Short text fragments from websites:

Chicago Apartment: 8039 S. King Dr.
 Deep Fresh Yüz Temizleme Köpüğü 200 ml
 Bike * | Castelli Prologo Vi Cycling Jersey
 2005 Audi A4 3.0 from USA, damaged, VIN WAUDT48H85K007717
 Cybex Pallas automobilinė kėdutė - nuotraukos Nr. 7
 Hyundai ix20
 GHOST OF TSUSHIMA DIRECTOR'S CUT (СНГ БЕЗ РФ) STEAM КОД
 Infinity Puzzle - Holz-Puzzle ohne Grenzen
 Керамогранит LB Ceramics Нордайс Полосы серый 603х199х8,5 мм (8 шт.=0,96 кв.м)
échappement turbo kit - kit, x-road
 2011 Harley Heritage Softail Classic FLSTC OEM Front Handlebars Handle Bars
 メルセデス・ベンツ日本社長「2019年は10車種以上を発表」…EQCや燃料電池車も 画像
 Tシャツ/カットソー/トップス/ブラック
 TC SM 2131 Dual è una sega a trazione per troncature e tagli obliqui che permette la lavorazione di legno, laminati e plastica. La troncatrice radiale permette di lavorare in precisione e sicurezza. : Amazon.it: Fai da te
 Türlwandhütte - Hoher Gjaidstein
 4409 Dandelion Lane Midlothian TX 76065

Task to complete -
All that should be written out is the stretch of lines above between the one holding "Tシャツ/カットソー/トップス/ブラック" and the one holding "Türlwandhütte - Hoher Gjaidstein", inclusive, exactly as given.

Response to this exercise -
 Tシャツ/カットソー/トップス/ブラック
 TC SM 2131 Dual è una sega a trazione per troncature e tagli obliqui che permette la lavorazione di legno, laminati e plastica. La troncatrice radiale permette di lavorare in precisione e sicurezza. : Amazon.it: Fai da te
 Türlwandhütte - Hoher Gjaidstein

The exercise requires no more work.